You know you’re getting older when “getting a little action” means your prune juice is working.
I didn’t know what action was. I didn’t know what prune juice did. But the book felt illicit. Hidden down here amongst the flotsam and jetsam of my parents’ life before us. It felt exciting to be reading it in the cozy private alcove behind the bar. More exciting than the idea of actually drinking alcohol.

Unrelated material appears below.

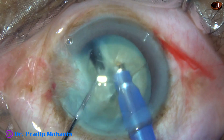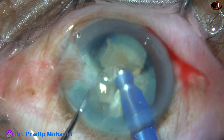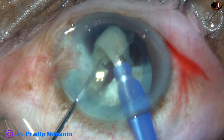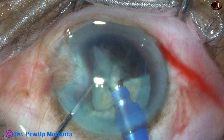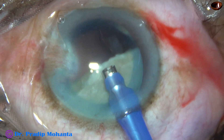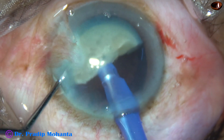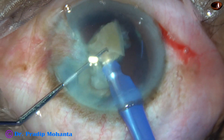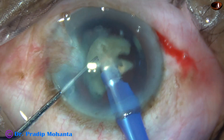Now I make the bevel off and divide the hemi-nucleus in front into three pieces and emulsify the pieces. Ultrasonic energy used in this case is 70%, flow rate is 45 ml per minute, and vacuum is 450 mmHg. Now the other hemi-nucleus is turned and divided into two pieces. In this case, the substance of the nucleus is brittle, not leathery, and chopping was very easy.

As I got older I continued avoiding church wine and played behind the bar less. It wasn’t until I was about 14 I actually went into the real liquor cabinet in my house, the one in the kitchen. It was built into the counter, a single door at waist height with two retractable drawers full of bottles of different shapes and colors. It was a museum of drinking relics. Dubonnet. Pinch Whiskey. Creme De Menthe. Alcohols in vogue in the 1970s had been sent here to age gracefully, a kind of retirement home for drinking fads. Trotted out only for the random request at a gathering of my parents’ friends.
The only bottle I really recognized was vodka. My curiosity had gotten the better of me. I wanted to try it. I knew vodka could be mixed so I headed to the fridge for the only non-milk beverage we had; some 4C raspberry iced tea. It was made from the powdered mix that came in a tall canister you might keep the oats you gave to a horse. I poured, what I thought, was the correct amount of vodka into a glass with ice and mixed in the raspberry iced tea. I took a whiff and panicked.
It smelled like the rubbing alcohol from our bathroom. Was this the same? This didn’t make sense. They were different right? This was before craft vodka took off. But even today, my father’s penchant for purchasing $7 bottles of American vodka with unpronounceable Russian names leads me to believe he couldn’t have paid more than $1.25 for this bottle in 1976.
I took another whiff, and then the smallest of sips which only confirmed my suspicions. It was rubbing alcohol. Worried I had just poisoned myself I ran to the sink and dumped the whole glass down the drain.
I would have been better off with a Piña colada.